══ RAW DATA ══
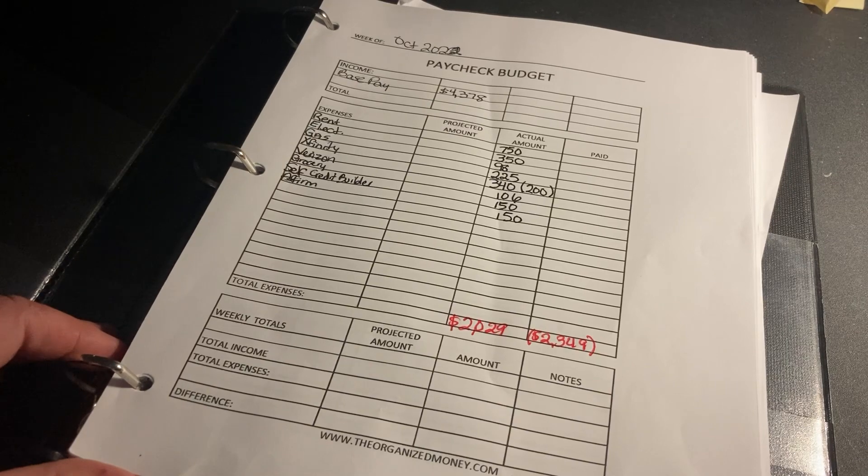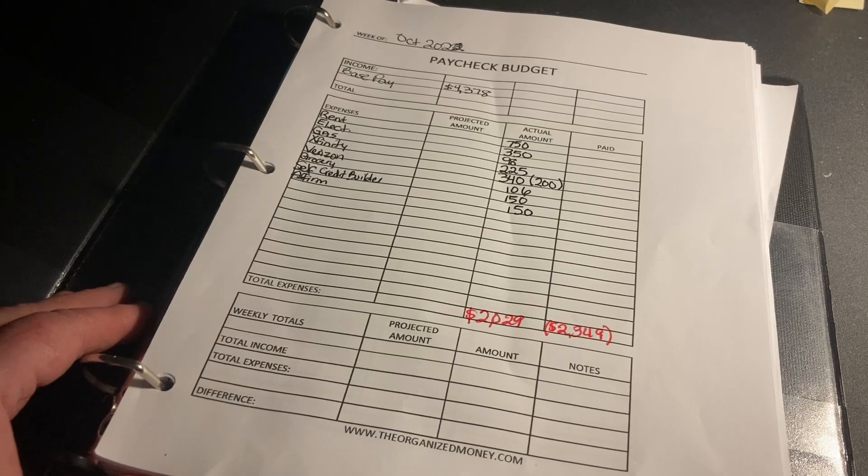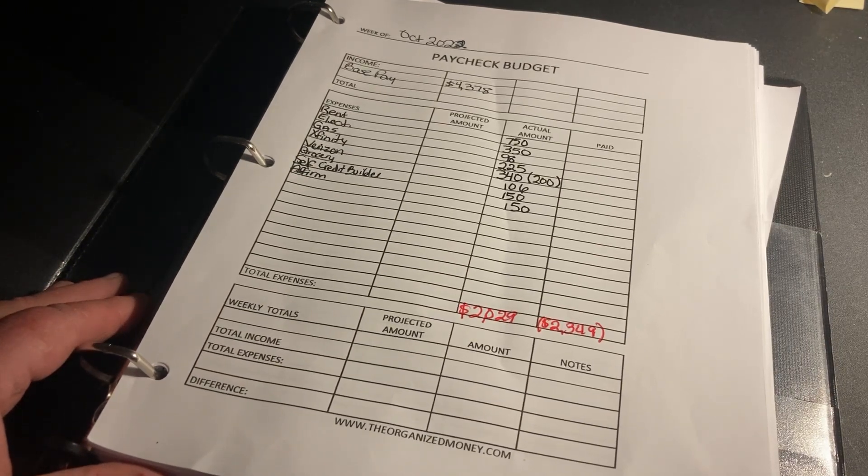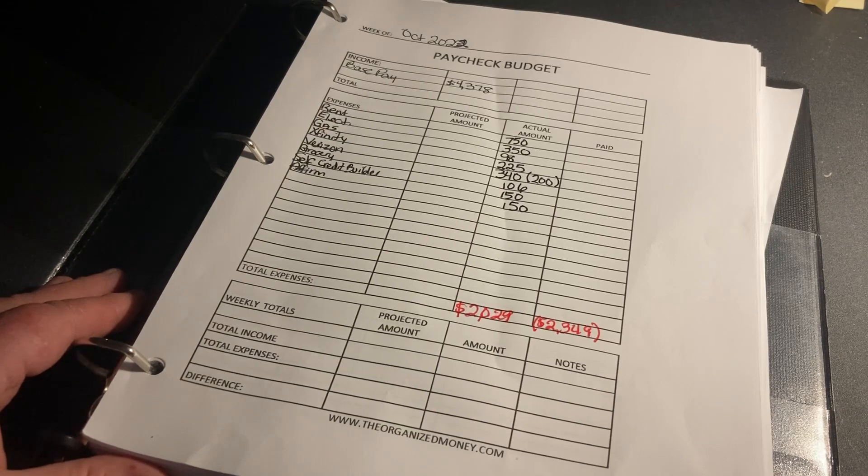Our grocery bill came in at $103 for the month of October — all five weeks. We are on a prepper pantry challenge, eating out of our freezers, pantry shelves downstairs, prepper pantry shelves, upstairs pantry, all of it. We may be able to stretch this out to December. We're buying perishables when we need to, but I put a hard clamp on spending this month. I've gotten really into watching extreme grocery meal videos, learning to make meals from what I already have. That's stretching the pantry challenge a bit longer.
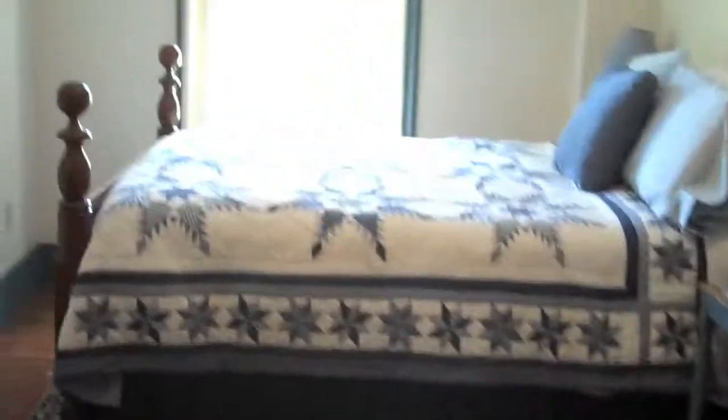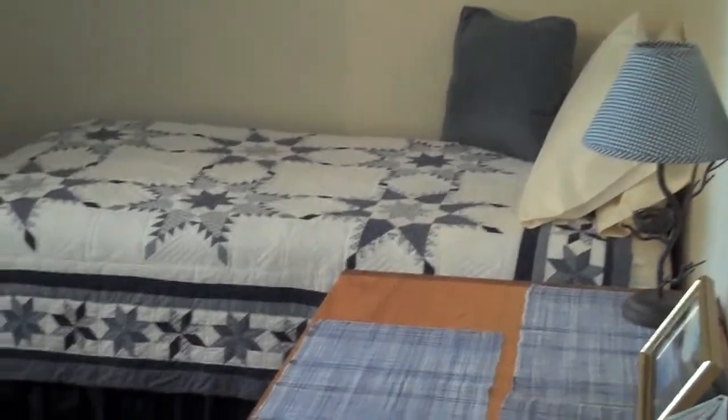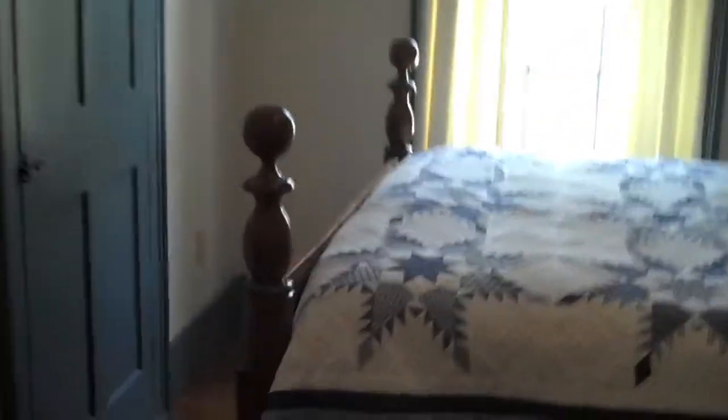As you walk in, immediately what catches you is you look right. This is an L-shaped room. It's got two beds in it — one nice little bed for one person, and of course a beautiful two-person bed. Look at this nice cannonball four-poster bed. This is an awesome room.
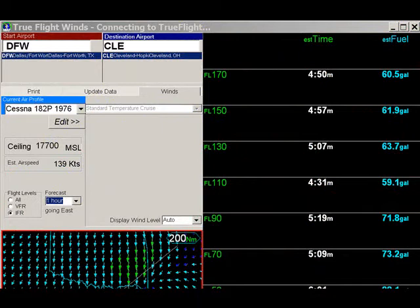As a general rule of thumb, the slower your aircraft is, the more pronounced will be your savings in time to your destination, and the faster your aircraft is, the more pronounced will be the savings in fuel consumption. You can see more on how the software works by watching the separate instructional video.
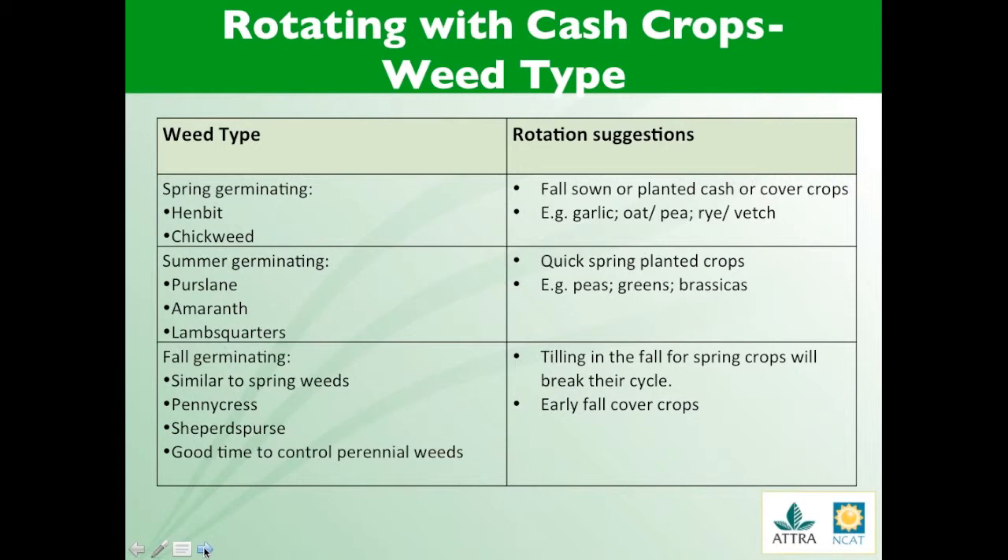Another way to consider your rotation is by the type of weeds that are having an economic impact on your cash crop. On your screen is another simple table outlining the different germination times of weeds and which rotation can help to compete and manage them. I am going to talk about that in a little bit of detail here.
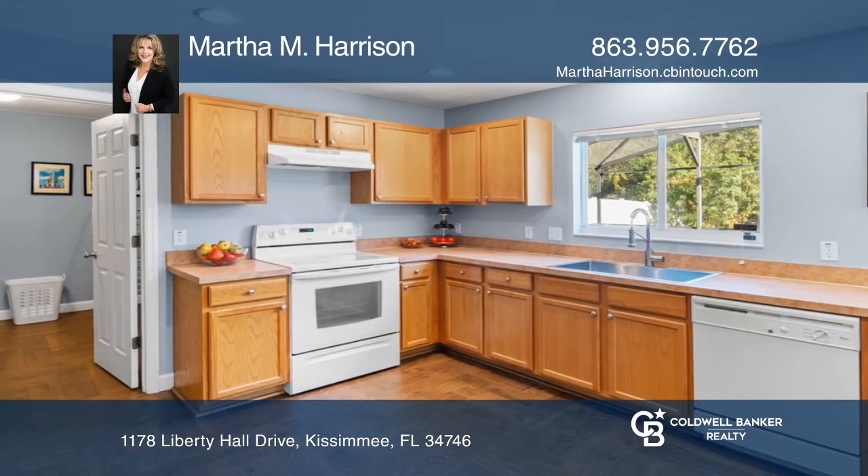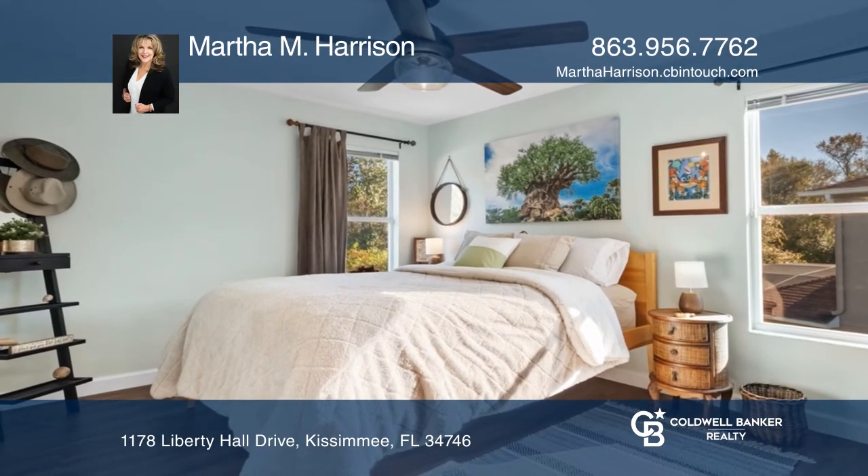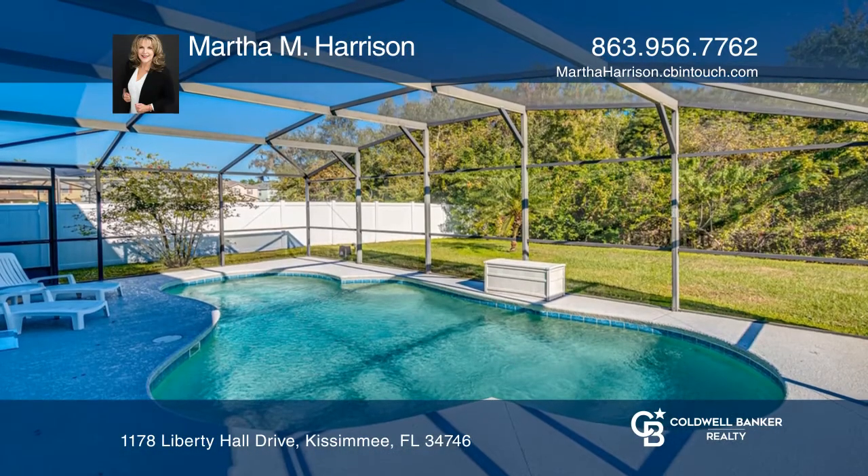Upstairs you'll find the master bedroom and three bedrooms. The large backyard backs up to conservation land with no rear neighbor.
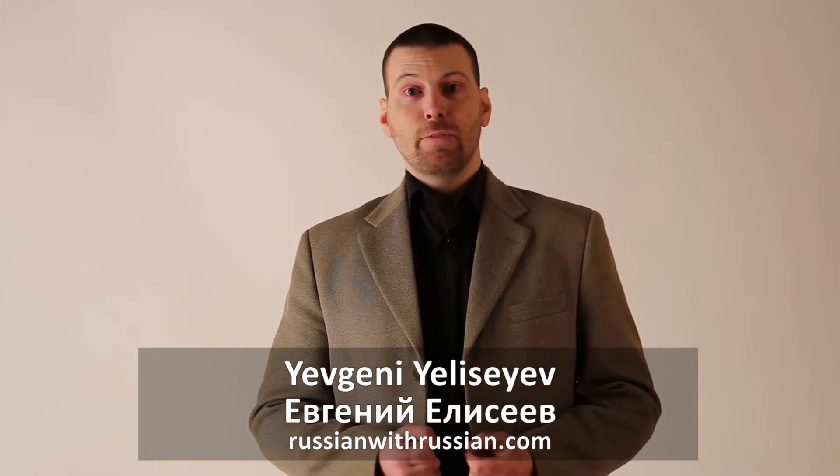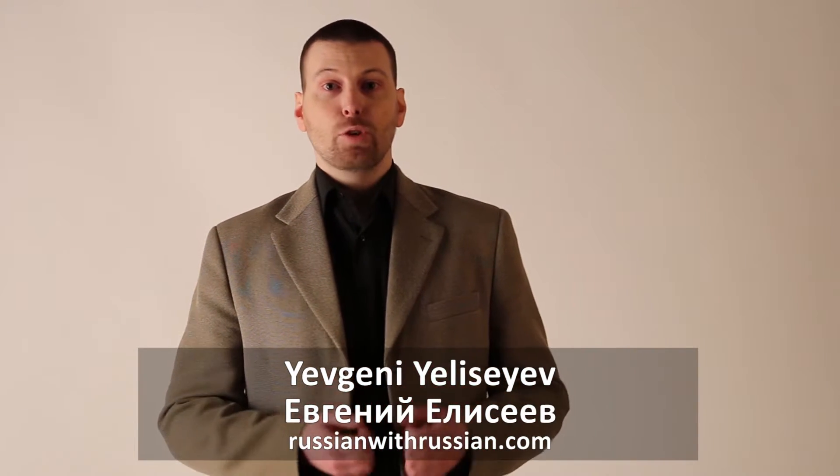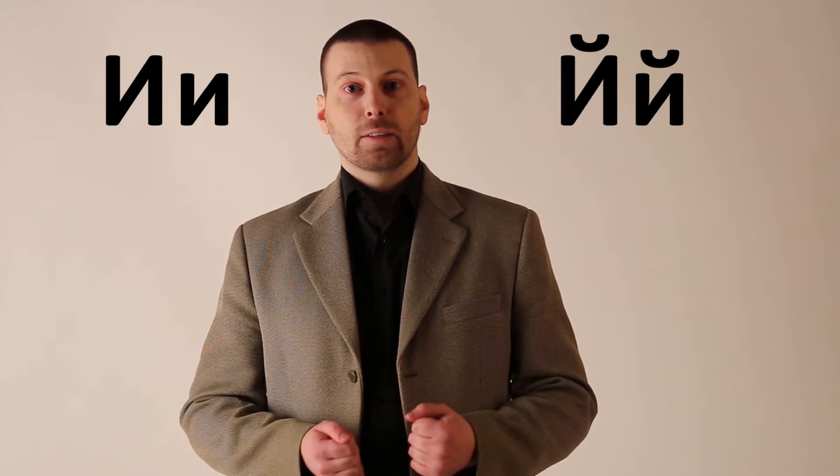Hello, I'm Евгений Елисеев, a teacher of Russian language from Russianwithrussian.com. We continue our conversation about the Russian alphabet, and today we will examine two new Cyrillic letters called И and ИКРАТКА. Let's start from the letter И.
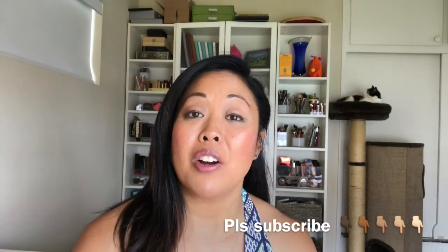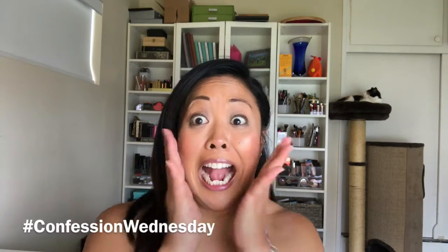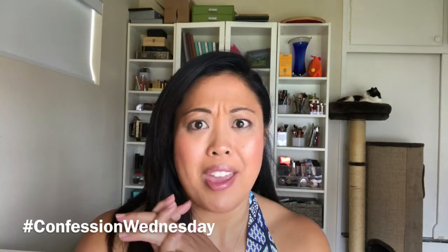Hi everyone, it's me Kat. Thank you for tuning into my channel. If you're new, welcome — I appreciate you checking me out. Please go ahead and hit the subscribe button so you can see all my future videos. If you're returning, welcome back — I truly enjoy your company. Today is Wednesday, so I have another installment of my Confession Wednesday. This is volume eight.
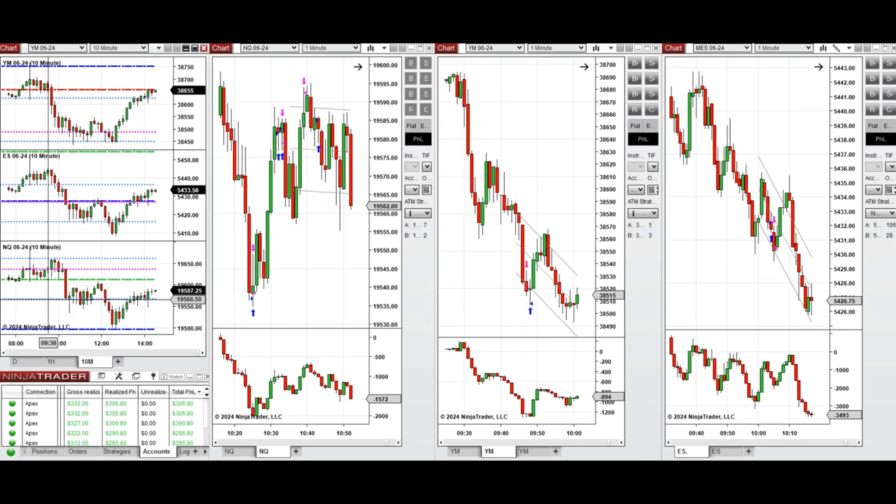By looking at the 10-minute macro chart, we see that the price after the new market opening had a pullback and started to go down until it found support around 10:30, and the buyers came back. This initial wave of uptrend was identified and taken with setup B, C, and T on Nasdaq.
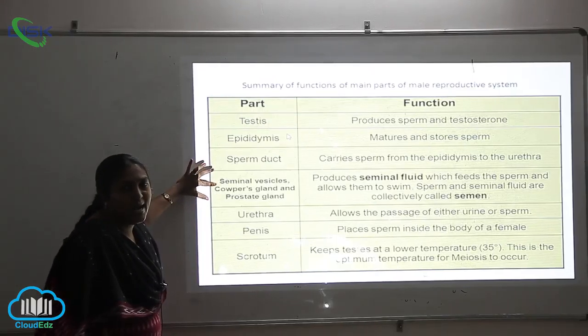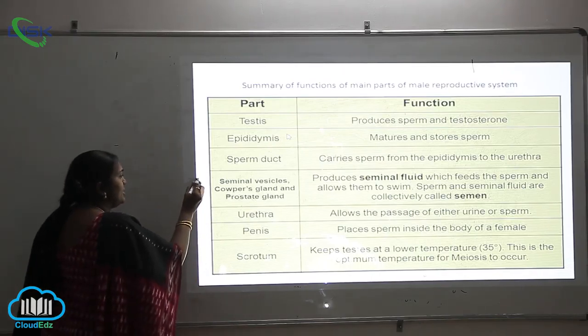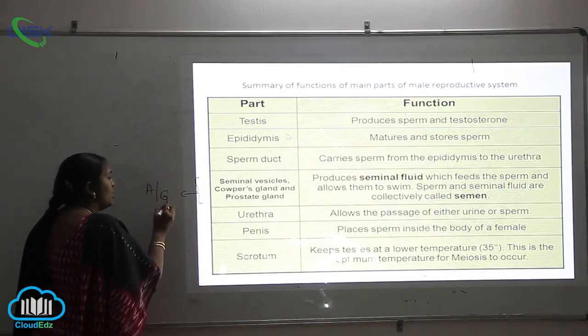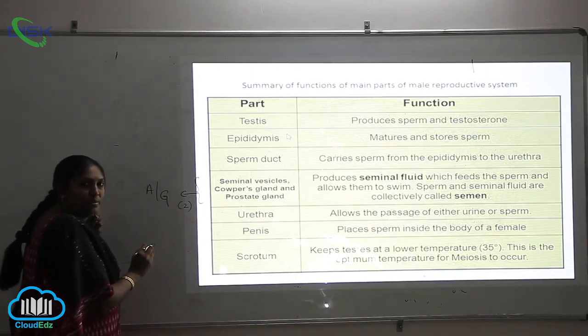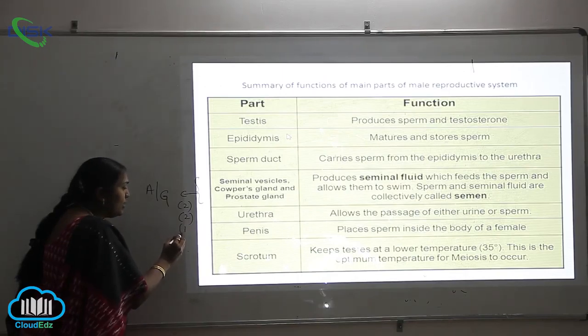Corpus glands and prostate glands — what are these three? These three are the accessory glands. The seminal vesicles are two in number, corpus glands are two in number, and the prostate gland is only one.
═══
- YOUR ASSIGNMENT -
Lines from the one above containing "Upstairs you'll find" down to the one containing "Hi everyone, it's" should be transcribed exactly, with both ends kept and no pictures.

- FINAL ANSWER -
Upstairs you'll find the master bedroom and three bedrooms. The large backyard backs up to conservation land with no rear neighbor.
Hello, I'm Евгений Елисеев, a teacher of Russian language from Russianwithrussian.com. We continue our conversation about the Russian alphabet, and today we will examine two new Cyrillic letters called И and ИКРАТКА. Let's start from the letter И.
Hi everyone, it's me Kat. Thank you for tuning into my channel. If you're new, welcome — I appreciate you checking me out. Please go ahead and hit the subscribe button so you can see all my future videos. If you're returning, welcome back — I truly enjoy your company. Today is Wednesday, so I have another installment of my Confession Wednesday. This is volume eight.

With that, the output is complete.